The European Commission’s proposed Artificial Intelligence Act (AIA) is likely to reduce investment in this area by as much as 20%, according to a report from the Center for Data Innovation (CDI).

According to Dr Benjamin Mueller, senior policy analyst at the CDI and the author of How Much Will the Artificial Intelligent Act Cost Europe?, the proposed legislation will come at ‘a steep price’ given the strenuous demands it places on ‘high-risk’ AI. Overall, Mueller says that the AIA will cost more than €10bn per year by 2025.

What will it encompass?

‘High-risk’ AI is defined by the CDI as that which affects ‘the fundamental rights or the safety of users’. The think tank says that the AIA proposes that this AI should be:

  • trained on datasets that are complete, representative, and free of errors
  • implemented on traceable and auditable systems in a transparent manner
  • subject to human oversight at all times
  • robust, accurate, and secure

According to the CDI, operators of these systems would, under the AIA, have to:

  • Build a quality management system.
  • Maintain detailed technical documentation.
  • Conduct an assessment to ensure the system conforms to the AIA.
  • Register the system in an EU database.
  • Monitor the system once it is on the market.
  • Update the documentation and conformity assessment if substantial changes are made.
  • Collaborate with market surveillance authorities.

Not convinced

But the CDI is critical of the proposed measures.

Writing in the report, Mueller says: “Since the AIA’s list of high-risk AI uses is long, and fines for non-compliance are high, it is to be expected that the AIA’s lengthy set of requirements will come at a steep price. The point of the AIA is to ensure that ‘high-risk’ AI in Europe is covered by a detailed and broad set of legal requirements. These requirements come at a significant cost to developers and deployers of AI.”

Mueller claims that while the EC has said that the act will support growth and innovation in the sector, its argument is ‘disingenous at best’.

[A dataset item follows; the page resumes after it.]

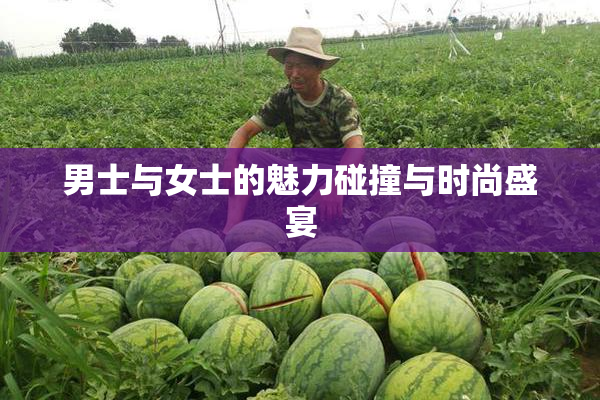 男士与女士的魅力碰撞与时尚盛宴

Mueller writes: “We estimate that the AIA would cost European businesses €10.9bn per year by 2025, having cost the economy €31bn by then. This excludes the opportunity cost of foregone investment into AI. Our analysis, based on the European Commission’s own impact assessment of the AIA, indicates that the AIA will cause a 40% profit reduction for a European business with a €10m turnover that deploys a high-risk AI system. The provisions of the AIA, however well intended, will extract a heavy price from an increasingly uncompetitive European economy.”

The AIA was originally proposed by the EC in April and sought to build upon earlier regulation. Writing for Unite AI, author Martin Anderson compared its proposed measures to attempting to remove the second spoonful of sugar from a cup of coffee.

Anderson wrote: “Article 17 of the General Data Protection Regulation Act (GDPR) requires that companies remove such user data on request. Since the act was formulated on the understanding that this erasure would be no more than a database ‘drop’ query, the legislation destined to emerge from the Draft EU Artificial Intelligence Act will effectively copy and paste the spirit of GDPR into laws that apply to trained AI systems rather than tabular data.”